Sırtından akan cerâhat, mâlûm günlerin ifrazı olmalı. Ve hâlâ kabuk bağlamayan yara, çocuklarını öldürüyor bir bir. Çocuklar, elde patlayan bomba, açılışlı- törenli... Ve bir şairin dediği gibi: “ben öyle bilirim ki yaşamak / berrak bir gökte çocuklar aşkına savaşmaktır.” Bitti dendiği anda, bir savaşı başlatmak yazıldı hepinize. Kader…
Bu ağacı senin için silktim, semeresi boldu bu yıl; en yüksek dallardan da kuruttuk, pestil yaptık. Ey misafirimiz, sen beklenmedik bir halde ağlıyorsun, ben mihmandarın oluyorum. Emrin, emirdir bize. Sunaklarımızı, gecenin ağrıyan yanlarına süreceğiz. Henüz erken…
Bağda gezenleri tanıyorum. Kısık fener çapa vururken toprağa, şahit oluyorum zamanın bağda devrimine. Perde aralandı, hem sonsuzluk akıyor hem mâsivâ. Ama kerpiçler süklüm püklüm dökülüyor iken duvardan, pencereleri dârülaceze bir oyunu oynuyorken hanların, kırık aynadan siluetini seyreden evvel zaman kadını, oracıkta bırakıyorken aksini ânın kadınına. Zor olan hem aynada, hem de karşında… Bir de unutulan içindeki ayna…

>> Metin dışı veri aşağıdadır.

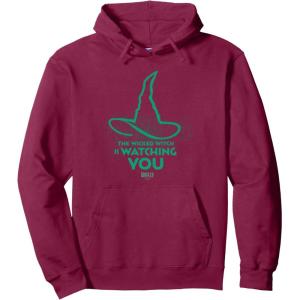 imageWicked For Good Elphaba Watchful Hat Pullover HoodieBurgundy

Ve kendimi anlatayım sana.
Üzerimde her gün değişen bu hırkanın, hangi iklime münâsip dikildiği sorgusu, artık hırkadan çok, kendi varlığıma bağlı parçalanacak bir göğsü hak ettirmiş kılıyor. Buna hazır olmayan ten, ruh, kan hesap soruyor. Çoğa ait ne varsa hesap…
Son demlerini yaşayan bir hastanın penceresinden… konuşamayan, işitemeyen uzuvlarıyla arıyorum. İkindi vaktine denk geliyor. Senin olmadığın, hastanın olduğu, bir de iki çocuğun ölümü…
Bak bu evden bir tavus kuşu uçuyor. Ayakları vahşi bir hayvanınkine benzer. Ve altında Âl-i Osman’ın armalı aynası parlıyor. Kazanlarda salça, tablalarda erik kurusu... ve doksanlık bir ihtiyarın mâdenî lakabıyla el sıkışıyorum.
Gün akşama evrilirken, karşıdan senin görünen geçmiş zamanını heyecanla karşılıyorum. Mâzîyi, hâli, âtîyi kuşağıma sarıp, karışıyorum ramazan muştusuna.
Çocuğum!
Sana böyle dersem, bil ki kendimi aynanda seyredişimdendir. Çocuk, neye karşılık gelir dilinizde, yaşı belirgin aralıklarla çizdiğiniz bir grafik midir? Sen oku, beni okut. Çünkü noksanım sensin bugün bilimler akademisinde.